3. Choose to move out (go wherever you please) to your boyfriend's house, your parent's (my wife's grandparent's) house, or wherever, and continue to pursue these worldly travels, cruises, vacations, etc...

About 5 minutes after this 2+ hour conversation...she asked, *"can I leave my stuff here for a few days until I find a storage unit where I can put it?"*

My wife is very upset. She's not upset that her mom is leaving...heck that's a little exciting in some ways, but she is worried and upset that her decision is a very poor decision. It's sad, and I feel bad for my wife, but at the end of they day....her Mom has made her choice.

I too am pretty flabergasted by the choice she made. It's insane if you ask me!!


----------



## activescrape (Jan 8, 2006)

You two have bent over backwards. She is a grown woman. You will both be happier with her out from under your feet. You guys already have kid(s). Let her go, and that includes emotionally. Who knows what the future brings...but for now.


----------



## Matthew737 (May 22, 2006)

*Boundaries*

Between reading from the Good Book, and another titled "Boundaries" a similar situation (God love those in laws) has been made MUCHO better. Get the wife started reading it asap. World of help. Hope that things smoooooothe out.


----------



## Bonito (Nov 17, 2008)

Bluewave,

You and your wife have done the right thing. The hardest part was to bring all of this to the surface. Your m-in-law now knows how you both feel. She will now have to deal with the situation. You, as head of your house hold have a responsibility to your wife and your new comming infant. 

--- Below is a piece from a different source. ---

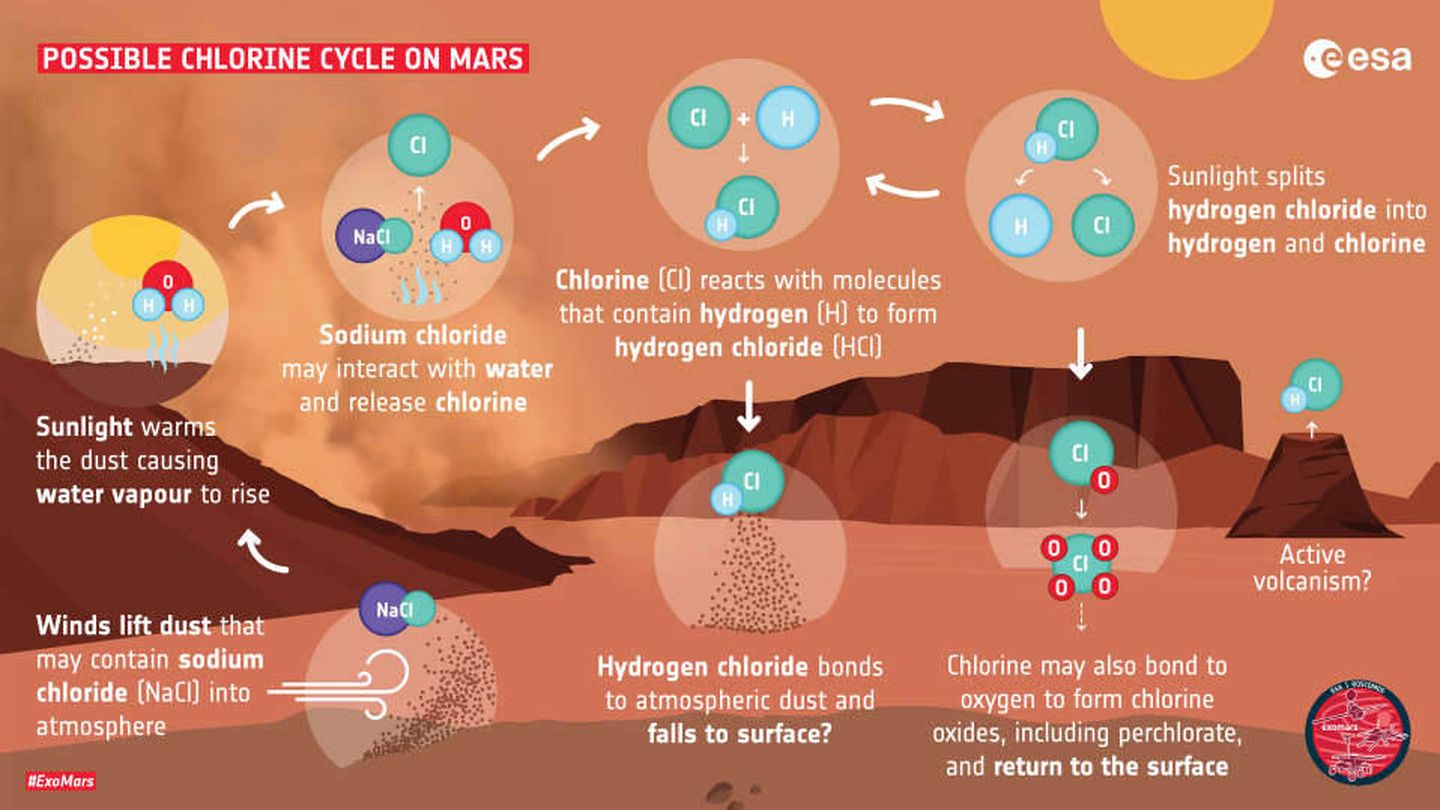 El ciclo del cloro en Marte, según la ESA. (ESA)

A Husband will leave his father and mother and cleave to his wife. The two shall become one. You and your wife are of one accord and together you will get through this. 

Good for you !


----------



## Mrschasintail (Dec 8, 2004)

She sounds selfish and spoiled. You cannot help someone that doesn't want to be helped..when it hits the fan again, she will be back at your doorstep. You need a plan when that happens. Good luck! You guys are good people.


----------



## mredman1 (Feb 4, 2007)

*Inlaws and outlaws*

Could she live in your boat??


----------



## BlueWaveCapt (Jan 8, 2007)

Thanks guys. I am happy with the outcome. We were able to be open and honest together and let her make her own choice. In the end...the ability to vacation and travel is very important to her, and I am not faulting her for that. Hopefully all will work out for her and everyone's relationships can begin to heal and improve day-by-day.


----------



## Betty Croaker (Feb 24, 2005)

Congrats on the birth. Too bad your m-i-l made that decision, you could probably use her help for a few weeks. She is going to be missing out on so much. Speaking as a Grandma she is going to be sorry. I may be too involved with my Grandaughter but we have a bond that will always be there.


----------



## BlueWaveCapt (Jan 8, 2007)

My wife and her mom had that bond for years, and it could have continued. She chose to take advantage of that bond and it is now damaged (unfortunately) quite significanty. That's my wife's biggest concern in this whole ordeal...that their relationship may never heal from the hurt her m-i-l put us through.


----------



## essayons75 (May 15, 2006)

BlueWaveCapt said:


> My wife and her mom had that bond for years, and it could have continued. She chose to take advantage of that bond and it is now damaged (unfortunately) quite significanty. That's my wife's biggest concern in this whole ordeal...that their relationship may never heal from the hurt her m-i-l put us through.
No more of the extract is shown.